[Bug 2013960] Re: Recovery operation takes high priority than client I/O with mclock scheduler
Ponnuvel Palaniyappan
2013960 at bugs.launchpad.net
Tue Apr 4 17:11:13 UTC 2023
** Description changed:
- Starting with Quincy, the mclock_scheduler is used as default. However,
- the default recovery settings are very high that it the impact on client
- I/O can be really high depending on the amount of recovery operations
- needed to be done.
-
- Affects Quincy only.
+ Starting with Quincy, the mclock_scheduler is used as default for OSD op queue. However, the default recovery settings are very high that it the impact on client I/O can be really high depending on the amount of recovery operations needed to be done. This is a bug and has been fixed
+ in 'main' branch and backported to Quincy [0][1].
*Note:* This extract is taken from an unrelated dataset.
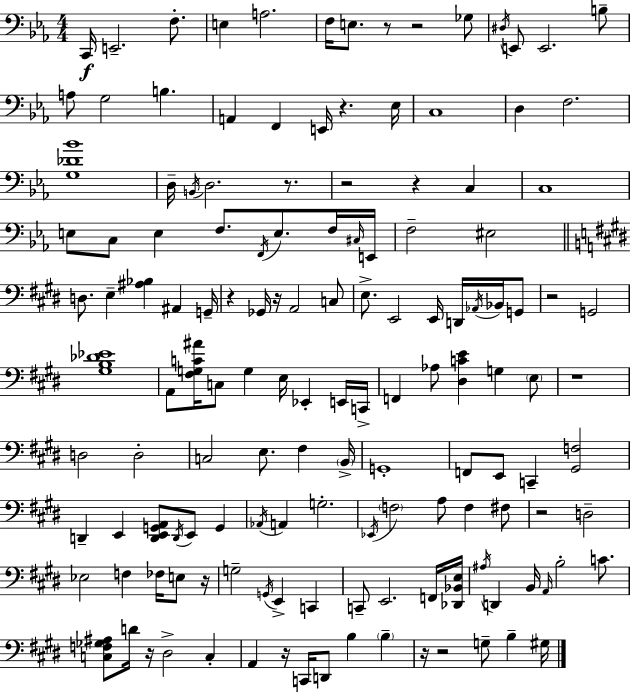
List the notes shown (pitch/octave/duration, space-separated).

C2/s E2/h. F3/e. E3/q A3/h. F3/s E3/e. R/e R/h Gb3/e D#3/s E2/e E2/h. B3/e A3/e G3/h B3/q. A2/q F2/q E2/s R/q. Eb3/s C3/w D3/q F3/h. [G3,Db4,Bb4]/w D3/s B2/s D3/h. R/e. R/h R/q C3/q C3/w E3/e C3/e E3/q F3/e. F2/s E3/e. F3/s C#3/s E2/s F3/h EIS3/h D3/e. E3/q [A#3,Bb3]/q A#2/q G2/s R/q Gb2/s R/s A2/h C3/e E3/e. E2/h E2/s D2/s Ab2/s Bb2/s G2/e R/h G2/h [G#3,B3,Db4,Eb4]/w A2/e [F#3,G3,C4,A#4]/s C3/e G3/q E3/s Eb2/q E2/s C2/s F2/q Ab3/e [D#3,C4,E4]/q G3/q E3/e R/w D3/h D3/h C3/h E3/e. F#3/q B2/s G2/w F2/e E2/e C2/q [G#2,F3]/h D2/q E2/q [D2,E2,G2,A2]/e D2/s E2/e G2/q Ab2/s A2/q G3/h. Eb2/s F3/h A3/e F3/q F#3/e R/h D3/h Eb3/h F3/q FES3/s E3/e R/s G3/h G2/s E2/q C2/q C2/e E2/h. F2/s [Db2,Bb2,E3]/s A#3/s D2/q B2/s A2/s B3/h C4/e. [C3,F3,Gb3,A#3]/e D4/s R/s D#3/h C3/q A2/q R/s C2/s D2/e B3/q B3/q R/s R/h G3/e B3/q G#3/s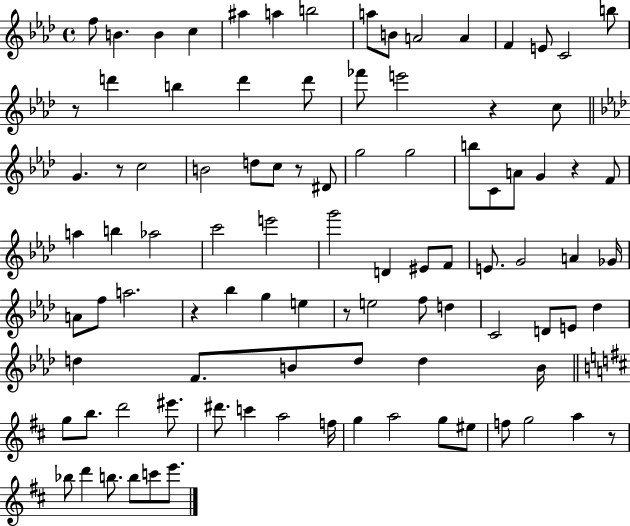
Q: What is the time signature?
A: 4/4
There's no upstream Quincy release with this fix yet.
17.2.6 will have this fix which is undergoing QA at the moment.
- Upstream bug: https://tracker.ceph.com/issues/57529
- Upstream fix: https://github.com/ceph/ceph/pull/48226
+
+ Workaround:
+
+ There are couple of ways this can be mitigated in Quincy.
+
+ 1. Use the 'wpq' as osd_op_queue. This has been the default in previous
+ releases and works just fine. This will require restarting OSDs.
+
+ 2. Stick with mclock scheduler but use custom mclock profile. This will allow users to be modify recovery parameters.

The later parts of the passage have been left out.